The 2nd of December 1802 marked the beginning of the end for the Maratha Empire, not through a grand battlefield defeat, but through a treaty signed in the shadow of fear. Baji Rao II, the Peshwa and nominal overlord of the Maratha Confederacy, had fled to British protection after his combined armies were crushed by Yashwantrao Holkar at the Battle of Poona. This desperate ruler, described by historians as a past master in deceit and intrigue, had a cruel streak that had already provoked the enmity of powerful rivals like Holkar. In a move that would be called the death knell of the Maratha Empire, Baji Rao II signed the Treaty of Bassein with the British East India Company. He ceded territory to maintain a subsidiary force and agreed to treaty with no other power, effectively making the British the arbiters of Maratha foreign policy. This act horrified the other Maratha chieftains, particularly the Scindia rulers of Gwalior and the Bhonsale rulers of Nagpur and Berar, who viewed the treaty as a betrayal of their sovereignty. The British had long supported the Peshwa, first backing Raghunathrao in the First Anglo-Maratha War and then his son, but the internal quarrels among the five major chiefs, the Gaekwad of Baroda, the Scindia of Gwalior, the Holkar of Indore, and the Bhonsle of Nagpur, had left the confederacy vulnerable to such a maneuver.
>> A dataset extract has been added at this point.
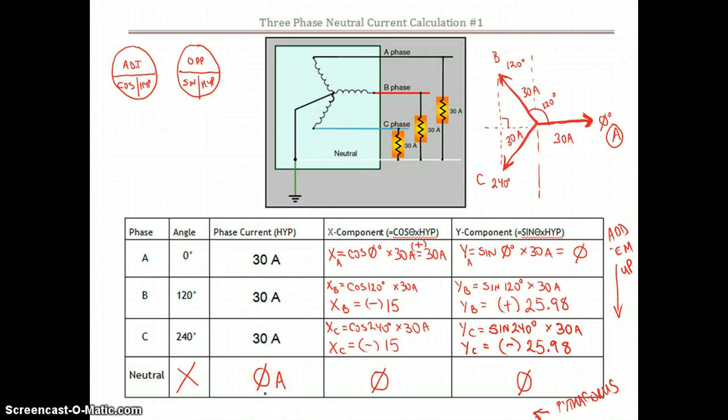Alright guys, you can start the next video — the three-phase neutral calculation number 2 — where it has 15 amps, 20 amps, and 25 amps off of a Y circuit. Start that one up and we'll compare notes.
Lord Mornington, the Governor-General of British India, had repeatedly offered a subsidiary treaty to the Peshwa and Scindia, but Nana Fadnavis, a powerful statesman, had refused strongly until the political landscape shifted irrevocably.
The Deccan Campaign
The 8th of August 1803 began a relentless campaign that would shatter the military might of the Maratha Confederacy. Major General Arthur Wellesley, later the Duke of Wellington, led a force of 24,000 men to break camp and attack the nearest Maratha fort. On that same day, he took the walled Pettah of Ahmednagar, the town adjacent to the fort, by escalade. The Ahmednagar Fort itself surrendered on the 12th of August after an infantry attack exploited an artillery-made breach in the wall. With the pettah and fort now in British control, Wellesley was able to extend control southwards to the river Godavari. The British strategy was a multi-pronged assault involving over 53,000 men, with Lieutenant General Gerard Lake tasked with taking Doab and then Delhi, while Powell entered Bundelkhand and Murray took Badoch. Harcourt was assigned to neutralize Bihar, creating a pincer movement that the Marathas could not withstand. In September 1803, Scindia forces lost to Lake at Delhi and to Wellesley at Assaye, a battle where the 1st Battalion 8th Regiment of Native Infantry charged the cannon led by Captain Hugh Macintosh. The British artillery pounded ancient ruins used by Scindia forces as forward operating bases, eroding their control and morale. By the 18th of October, British forces took the pettah of Asirgarh Fort with a loss of only two killed and five wounded, and the fort's garrison subsequently surrendered on the 21st after the attackers had erected a battery. The momentum was undeniable, and the British were now in a position to dictate terms to the fractured Maratha leadership.